Temporary and constant remission: a record-linkage study of a national cohort of people with psychoactive drug use disorders
Background: Individuals seeking treatment for psychoactive drug use disorders often experience financial difficulties, social and family troubles, general health problems, and legal issues. These difficulties often persist after discharge from treatment where many remain marginalized. The study aimed to assess the proportion of patients in a national cohort who obtained a year of remission from psychoactive drug use disorders, or five consecutive years.
Methods: 33,273 consecutive new admissions to treatment for drug use disorders in Denmark were tracked through criminal justice registers, hospital registers and registers for socio-economic status for five years. Patients were classified as remitted in a given year, if they satisfied the following criteria: no hospitalizations for alcohol or drug use disorders, no charges for any criminal offences, and either working or studying more than 50% of the time. Logistic regression was used to assess clinical and socio-demographic predictors.

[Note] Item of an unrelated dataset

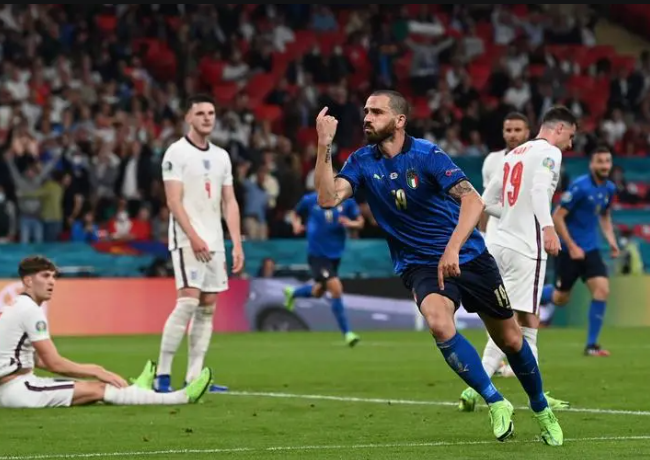 2000年欧洲杯意大利VS土耳其：一场激动人心的对决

Results: 14.5% satisfied criteria for remission in the first year after treatment. In the following four years, 34.5% satisfied criteria for remission at some point, and 4.9% satisfied criteria for remission in every year. Remission was associated with not having opioids as primary drug, the absence of a psychiatric history, co-habitation with a partner, and working or studying at baseline. Patients aged under 25 were the most likely to satisfy criteria for remission at some point, but the least likely to satisfy criteria for remission constantly.
Conclusions: A substantial proportion of people with psychoactive drug use disorders will experience periods of high functioning with employment and absence of arrests and substance-related hospitalizations. Yet, only a small minority transition from treatment to stable remission characterized by constant employment and the absence of arrests or substance-related hospitalizations.